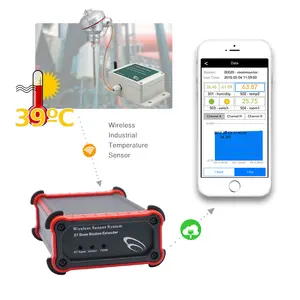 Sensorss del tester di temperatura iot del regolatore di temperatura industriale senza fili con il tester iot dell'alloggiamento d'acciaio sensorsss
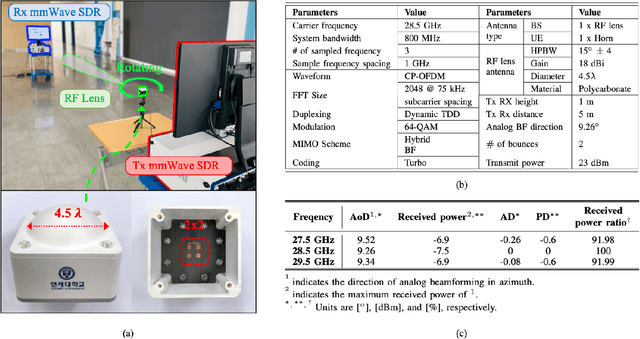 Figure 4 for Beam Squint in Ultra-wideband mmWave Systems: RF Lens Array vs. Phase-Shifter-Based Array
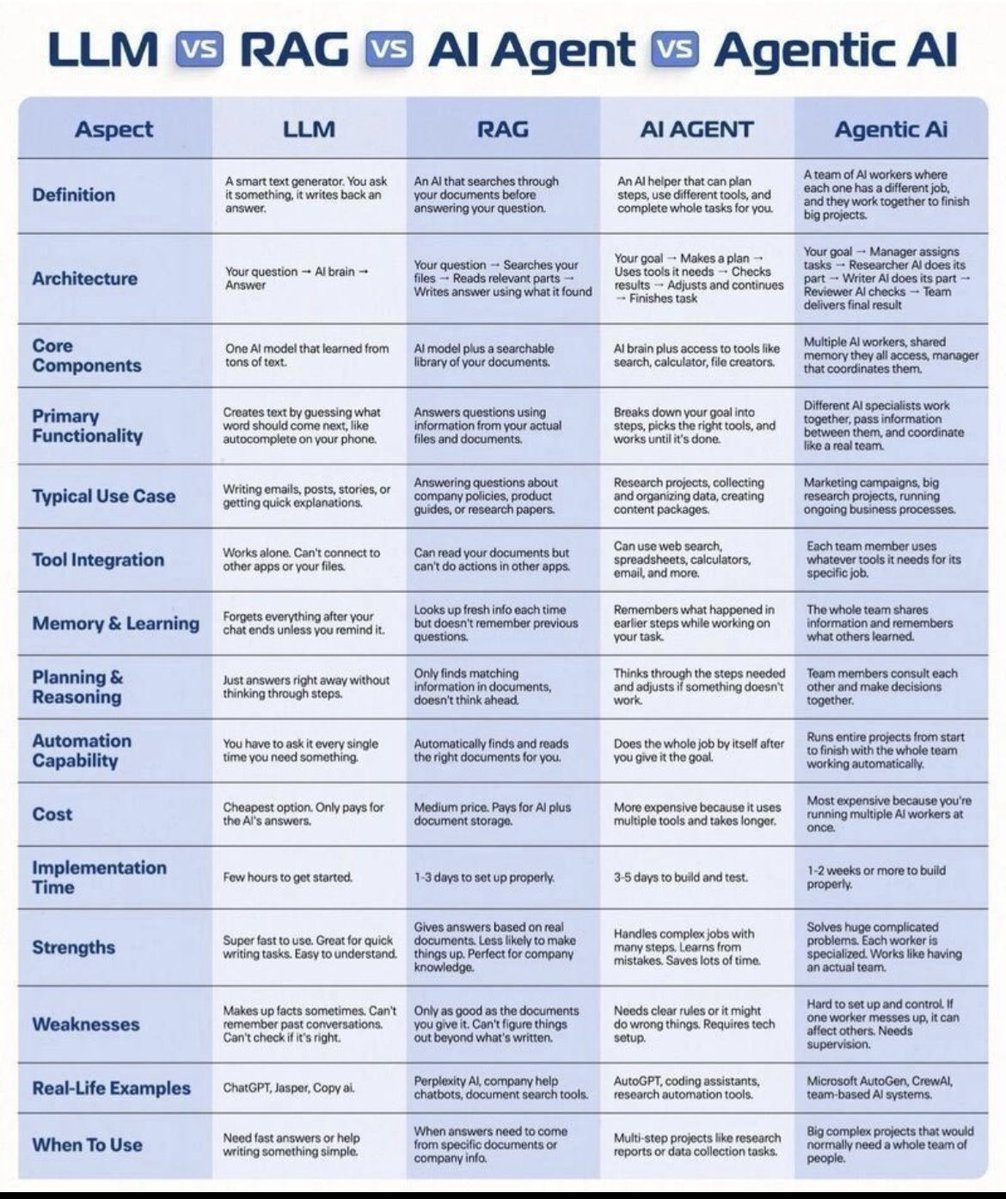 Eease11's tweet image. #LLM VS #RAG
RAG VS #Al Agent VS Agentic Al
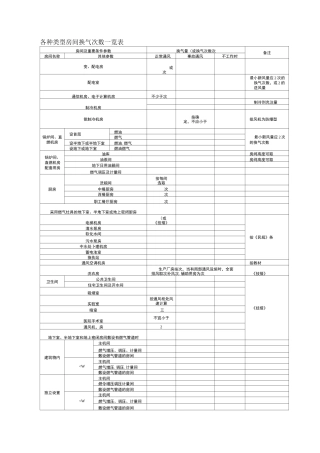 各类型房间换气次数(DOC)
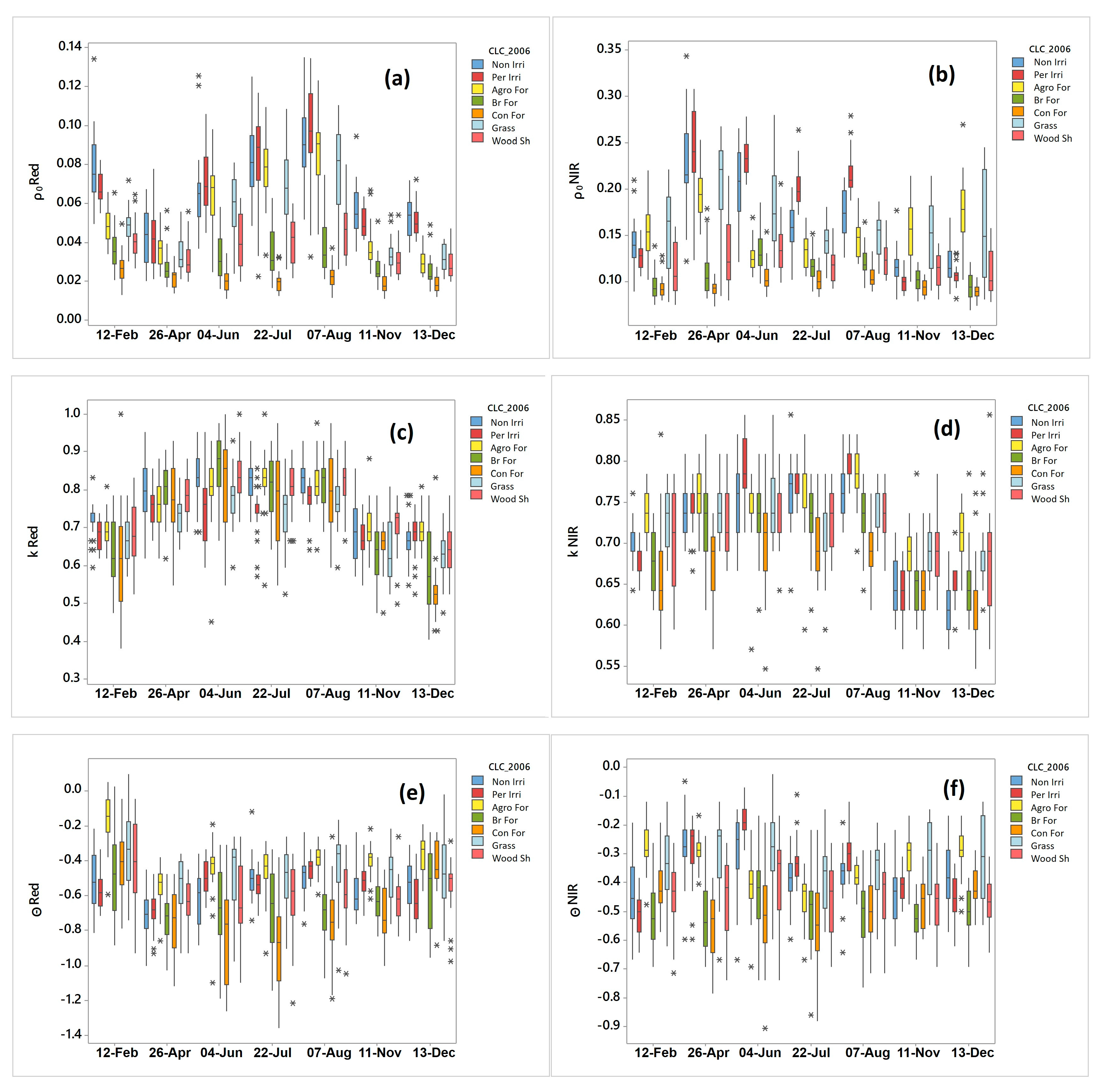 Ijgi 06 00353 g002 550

» Exercise objective
Your copy of the data should match it exactly, apart from the images, which are omitted.

» Solution to this exercise
 Sensorss del tester di temperatura iot del regolatore di temperatura industriale senza fili con il tester iot dell'alloggiamento d'acciaio sensorsss
 Figure 4 for Beam Squint in Ultra-wideband mmWave Systems: RF Lens Array vs. Phase-Shifter-Based Array
 Eease11's tweet image. #LLM VS #RAG
RAG VS #Al Agent VS Agentic Al
 各类型房间换气次数(DOC)
 Ijgi 06 00353 g002 550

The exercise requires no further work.